YOUR GOAL >> All entries below are to be written out again exactly, but no picture is to be copied.

INPUT DATA >>

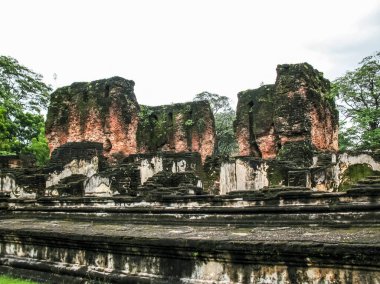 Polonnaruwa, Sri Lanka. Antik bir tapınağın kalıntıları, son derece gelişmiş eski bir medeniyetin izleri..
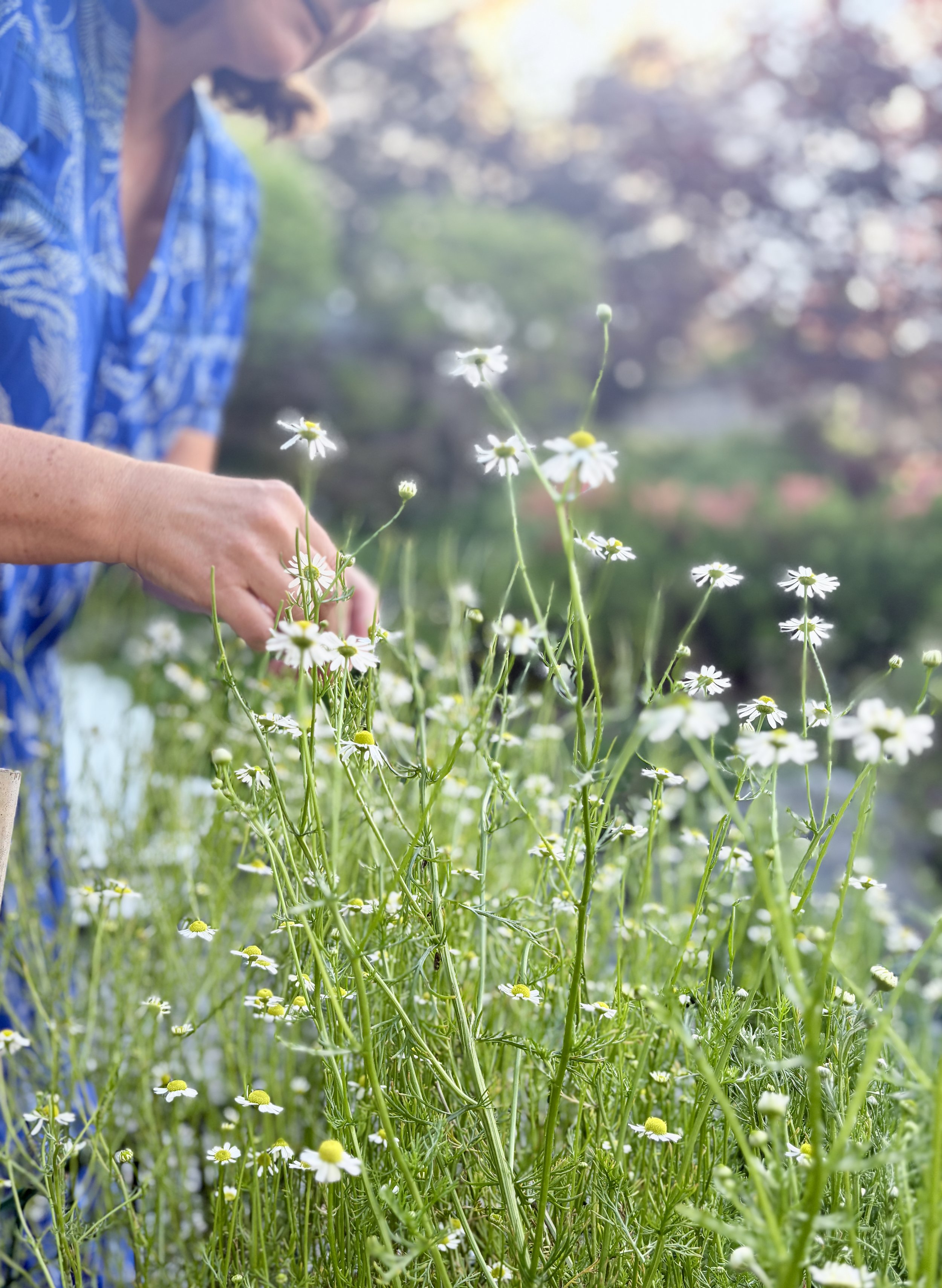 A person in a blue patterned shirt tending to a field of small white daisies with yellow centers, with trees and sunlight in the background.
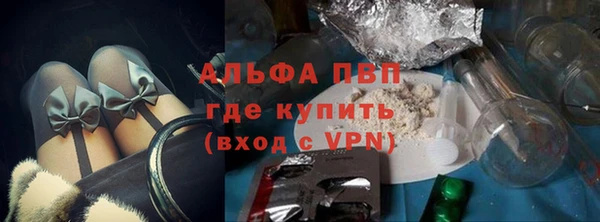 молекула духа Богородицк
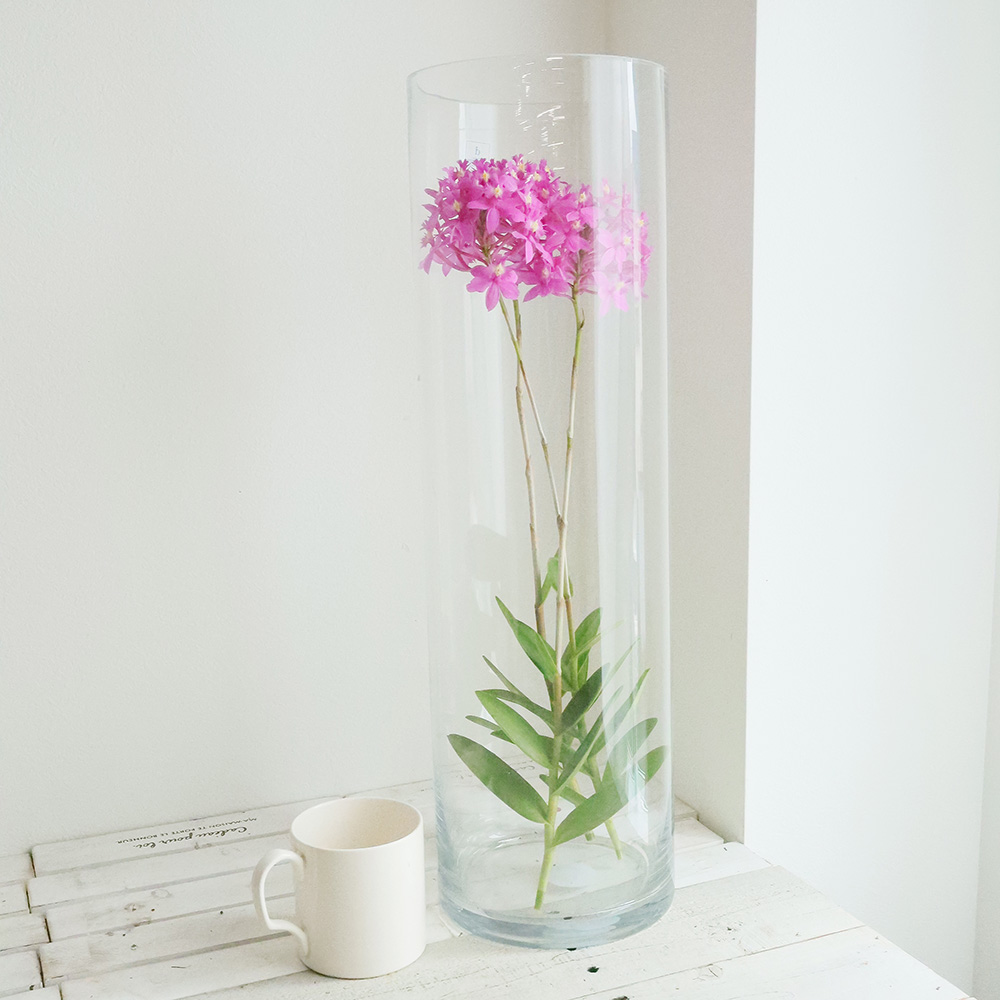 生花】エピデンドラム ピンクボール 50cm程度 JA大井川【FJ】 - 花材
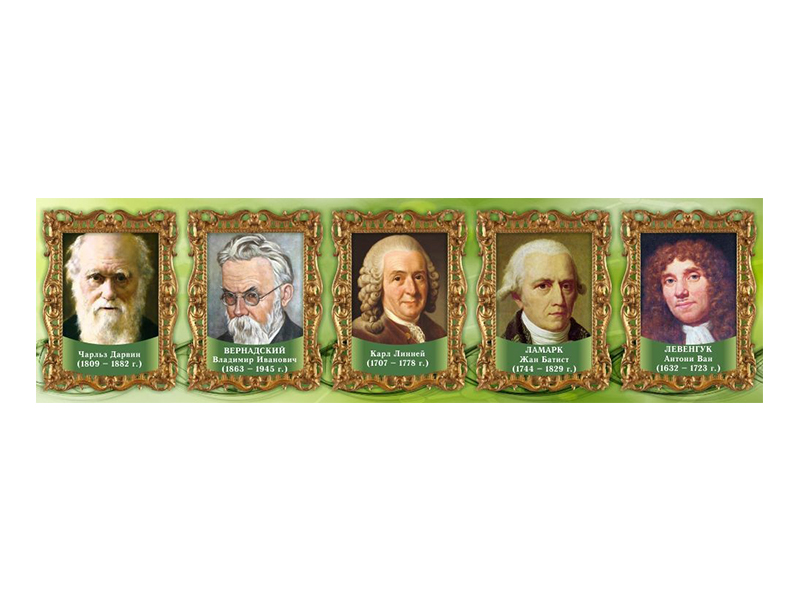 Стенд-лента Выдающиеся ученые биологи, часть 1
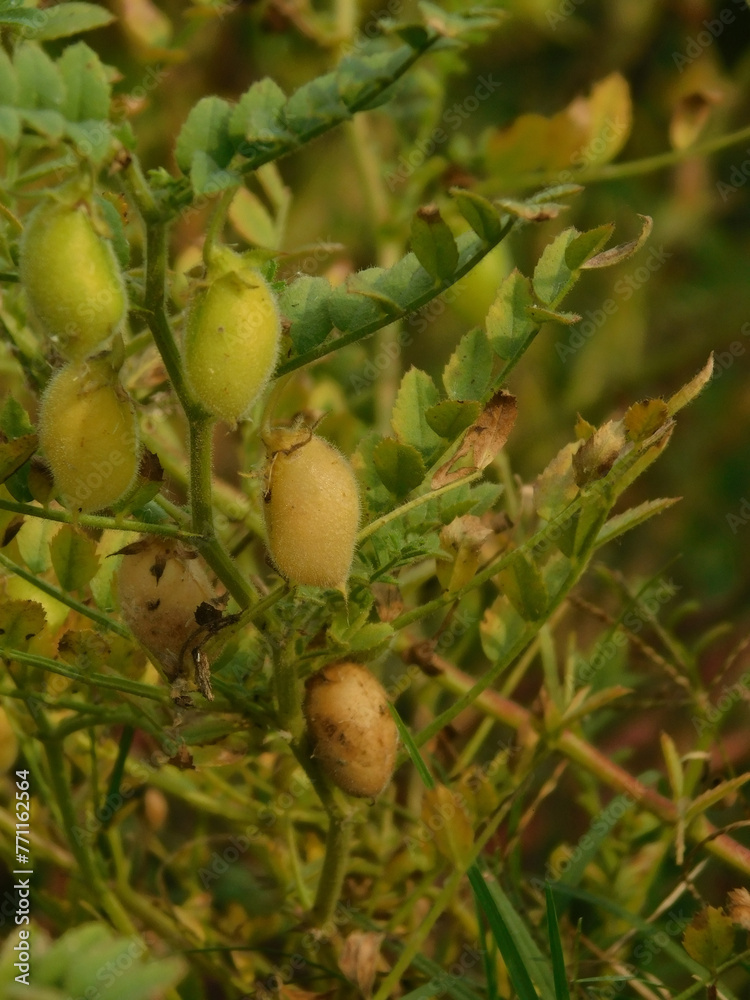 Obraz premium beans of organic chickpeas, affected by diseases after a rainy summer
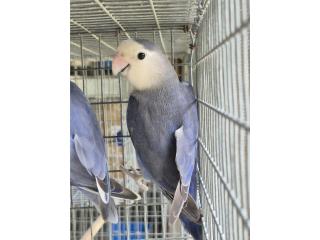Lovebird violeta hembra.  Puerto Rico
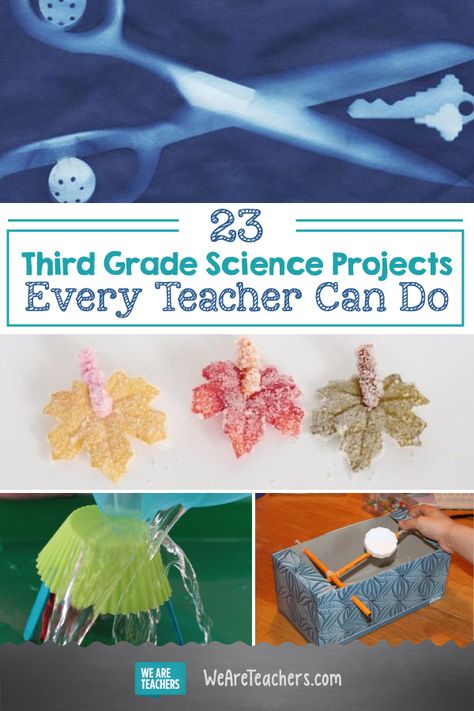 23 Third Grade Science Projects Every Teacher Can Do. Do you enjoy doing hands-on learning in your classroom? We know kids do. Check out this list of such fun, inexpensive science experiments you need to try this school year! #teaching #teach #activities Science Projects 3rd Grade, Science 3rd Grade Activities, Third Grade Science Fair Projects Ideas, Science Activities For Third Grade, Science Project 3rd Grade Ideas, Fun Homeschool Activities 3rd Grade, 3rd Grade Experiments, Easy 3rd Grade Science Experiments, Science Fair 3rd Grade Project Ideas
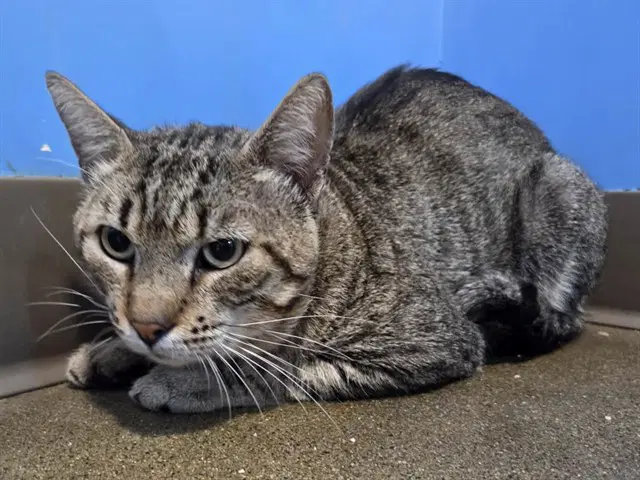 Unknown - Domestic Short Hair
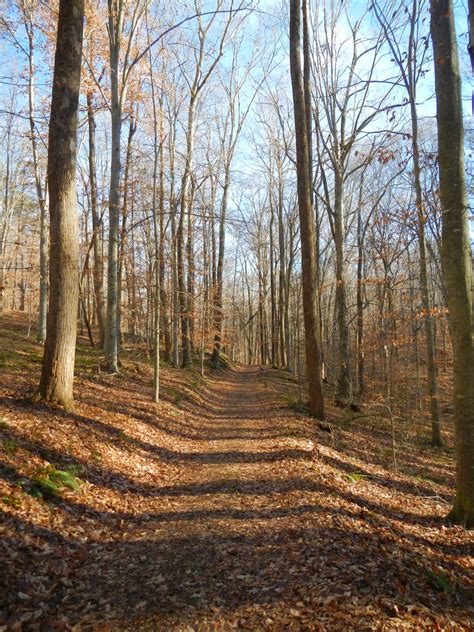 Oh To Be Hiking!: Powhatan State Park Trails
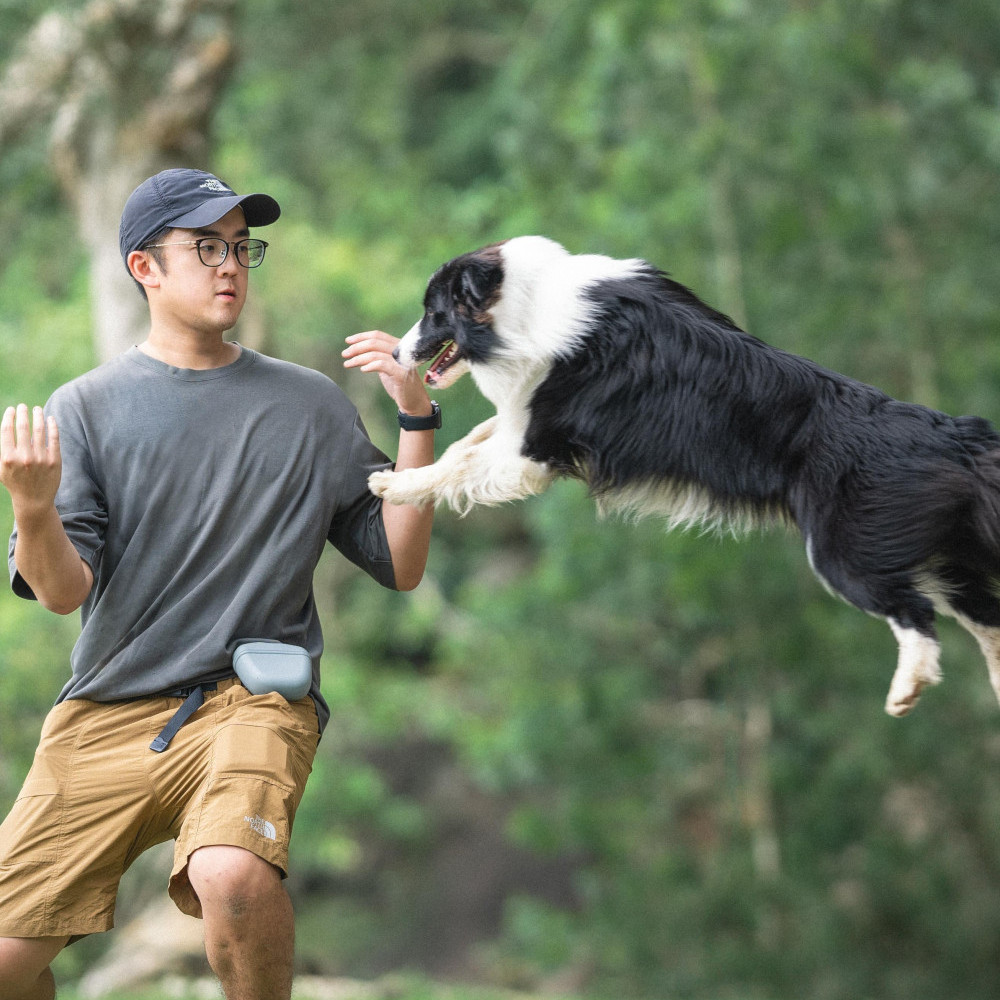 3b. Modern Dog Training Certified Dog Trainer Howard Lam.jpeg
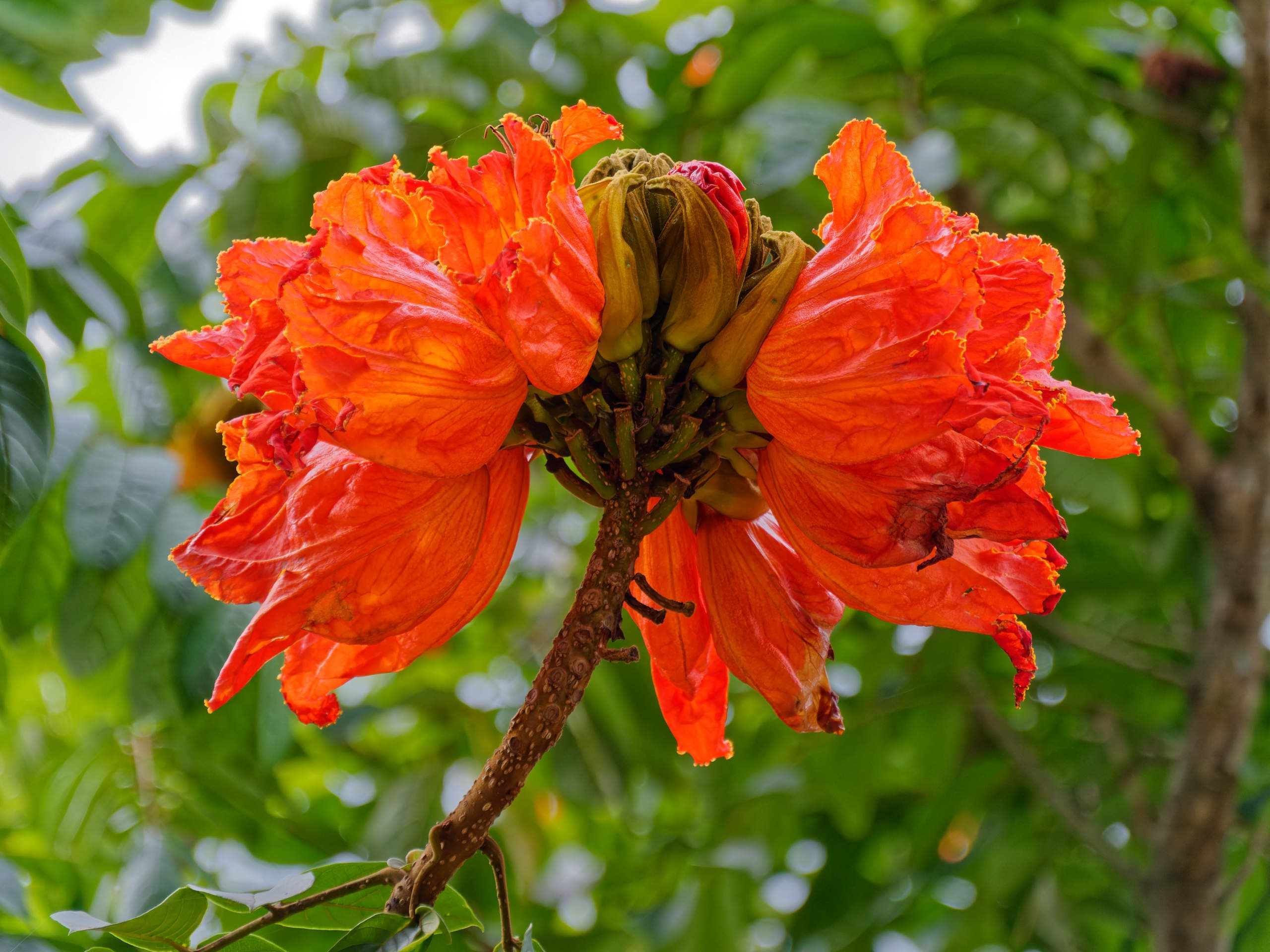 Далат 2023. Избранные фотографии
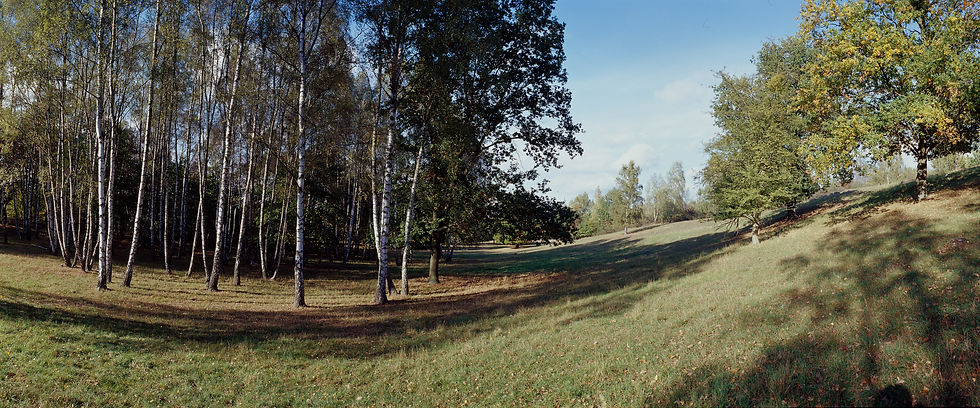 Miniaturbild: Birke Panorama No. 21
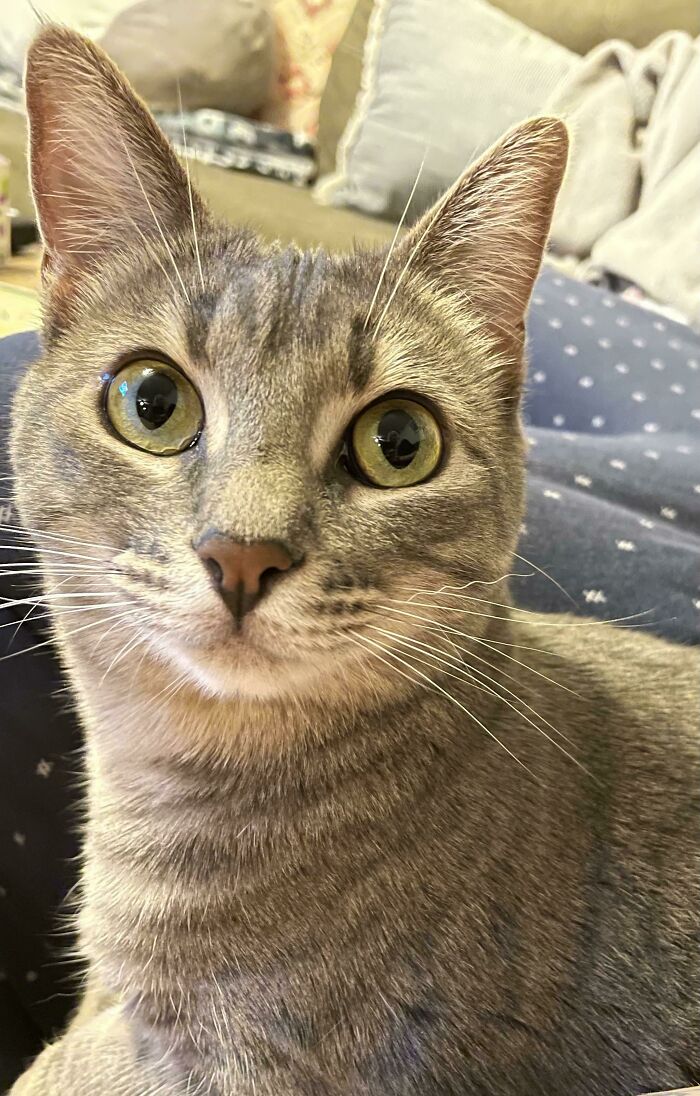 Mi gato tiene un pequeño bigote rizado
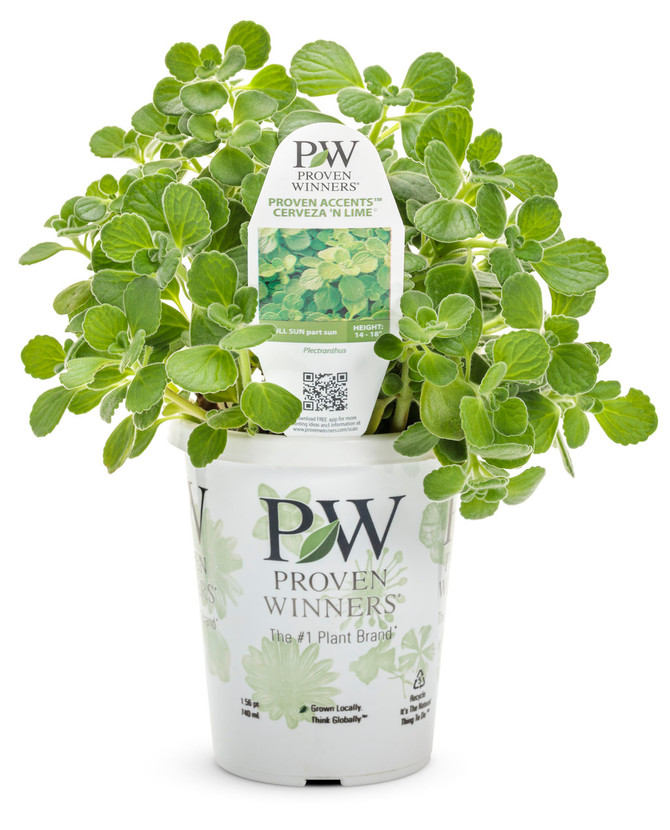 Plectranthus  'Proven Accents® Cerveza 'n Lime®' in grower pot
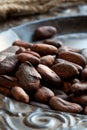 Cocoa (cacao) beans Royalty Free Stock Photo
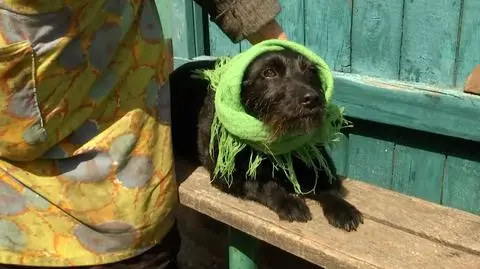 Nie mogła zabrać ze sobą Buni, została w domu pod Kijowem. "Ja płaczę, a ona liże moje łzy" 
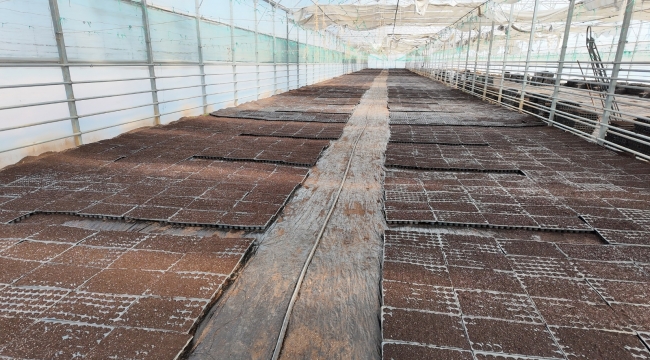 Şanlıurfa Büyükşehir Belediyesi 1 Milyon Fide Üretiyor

EXERCISE RESULT >>
 Polonnaruwa, Sri Lanka. Antik bir tapınağın kalıntıları, son derece gelişmiş eski bir medeniyetin izleri..
 A person in a blue patterned shirt tending to a field of small white daisies with yellow centers, with trees and sunlight in the background.
 молекула духа Богородицк
 生花】エピデンドラム ピンクボール 50cm程度 JA大井川【FJ】 - 花材
 Стенд-лента Выдающиеся ученые биологи, часть 1
 Obraz premium beans of organic chickpeas, affected by diseases after a rainy summer
Lovebird violeta hembra.  Puerto Rico
 23 Third Grade Science Projects Every Teacher Can Do. Do you enjoy doing hands-on learning in your classroom? We know kids do. Check out this list of such fun, inexpensive science experiments you need to try this school year! #teaching #teach #activities Science Projects 3rd Grade, Science 3rd Grade Activities, Third Grade Science Fair Projects Ideas, Science Activities For Third Grade, Science Project 3rd Grade Ideas, Fun Homeschool Activities 3rd Grade, 3rd Grade Experiments, Easy 3rd Grade Science Experiments, Science Fair 3rd Grade Project Ideas
 Unknown - Domestic Short Hair
 Oh To Be Hiking!: Powhatan State Park Trails
 3b. Modern Dog Training Certified Dog Trainer Howard Lam.jpeg
 Далат 2023. Избранные фотографии
 Miniaturbild: Birke Panorama No. 21
 Mi gato tiene un pequeño bigote rizado
 Plectranthus  'Proven Accents® Cerveza 'n Lime®' in grower pot
 Cocoa (cacao) beans Royalty Free Stock Photo
 Nie mogła zabrać ze sobą Buni, została w domu pod Kijowem. "Ja płaczę, a ona liże moje łzy" 
 Şanlıurfa Büyükşehir Belediyesi 1 Milyon Fide Üretiyor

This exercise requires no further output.